Pictures with short captions
Start of Block

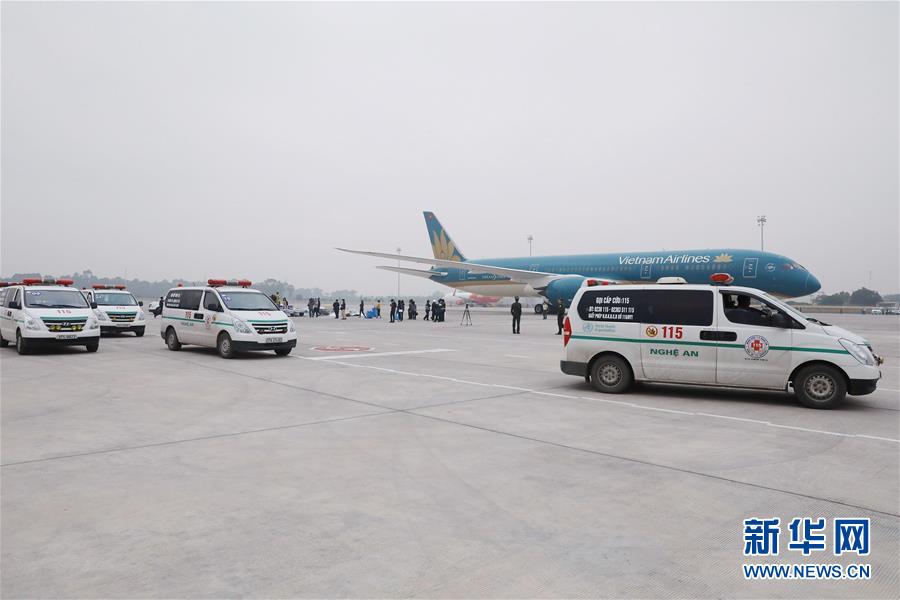 (國際)(1)英國貨車慘案全部遇難者遺體和骨灰運(yùn)回越南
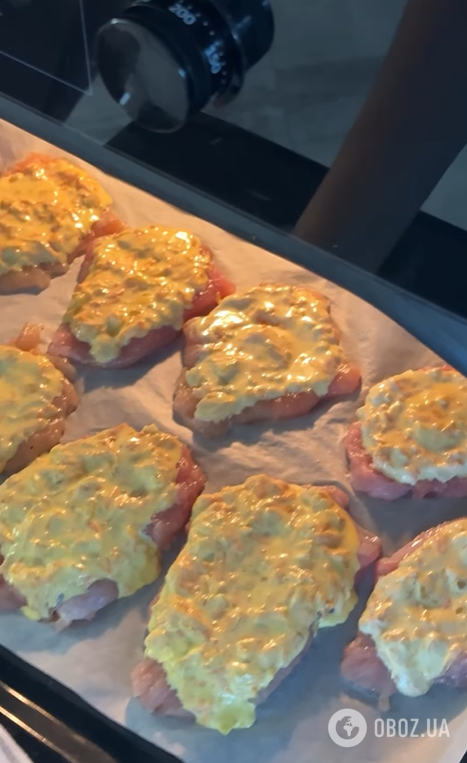 Сочное куриное филе под овощной шубой: как вкусно приготовить мясо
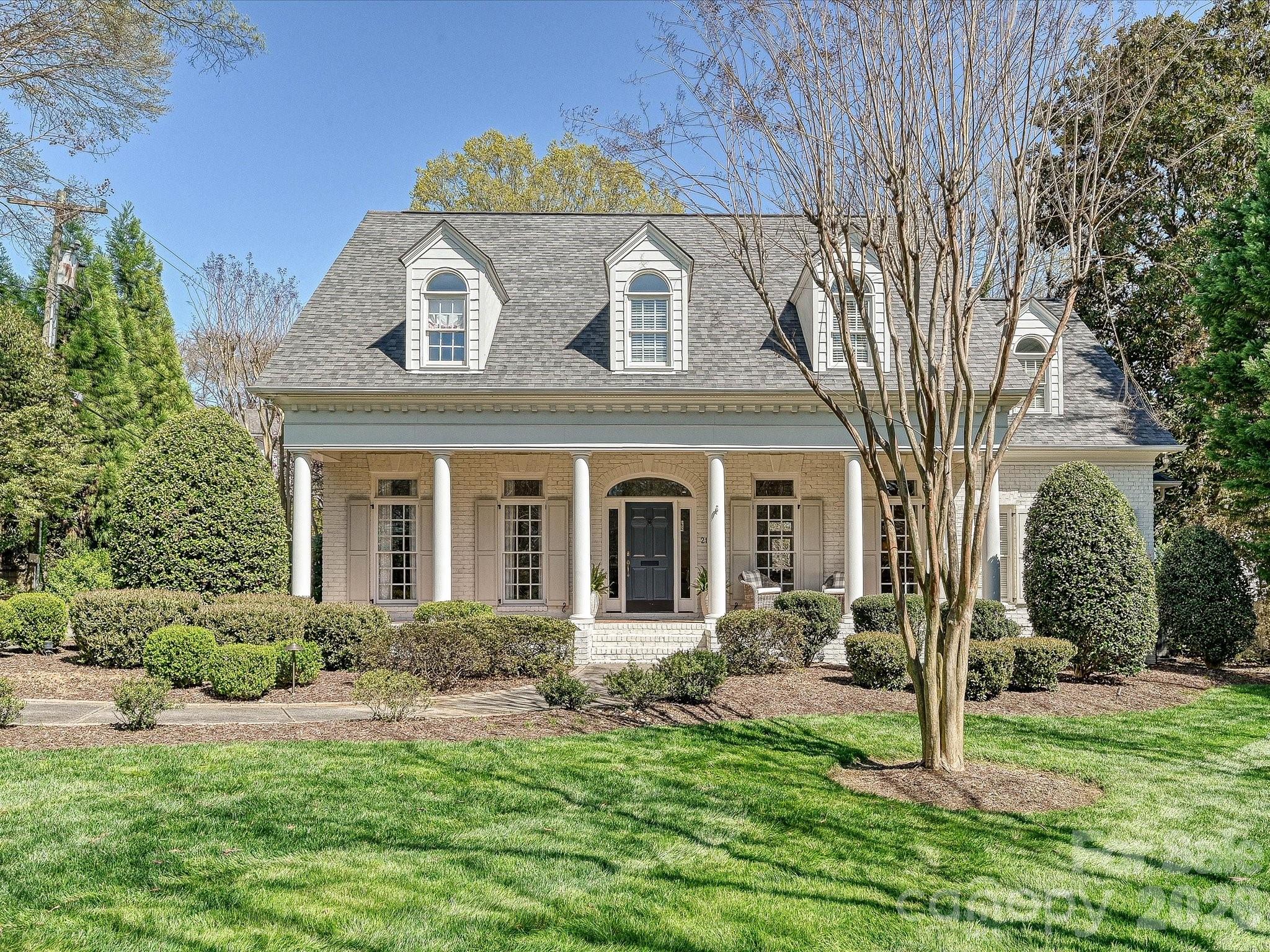 2121 Forest Drive Charlotte NC 28211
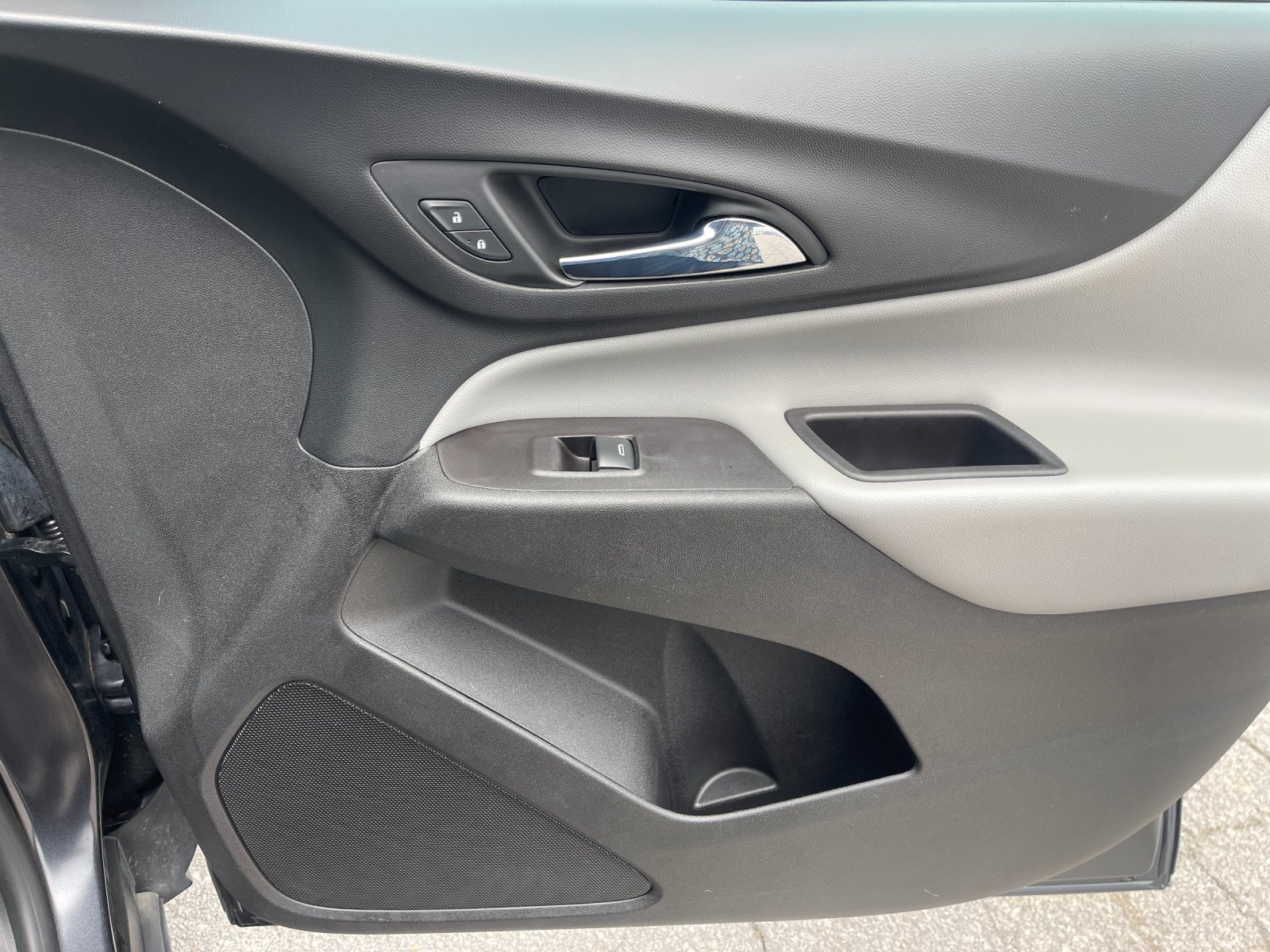 Used 2022 Gray Chevrolet LS image 19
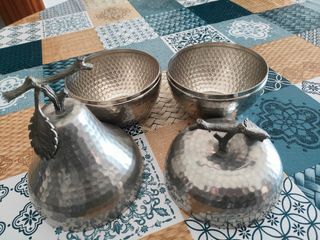 Due soprammobili  vintage colore argento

End of Block

◆ **TASK GOAL**: All entries must be output unchanged, with every picture omitted.

◆ **EXERCISE ANSWER**:
 (國際)(1)英國貨車慘案全部遇難者遺體和骨灰運(yùn)回越南
 Сочное куриное филе под овощной шубой: как вкусно приготовить мясо
 2121 Forest Drive Charlotte NC 28211
 Used 2022 Gray Chevrolet LS image 19
 Due soprammobili  vintage colore argento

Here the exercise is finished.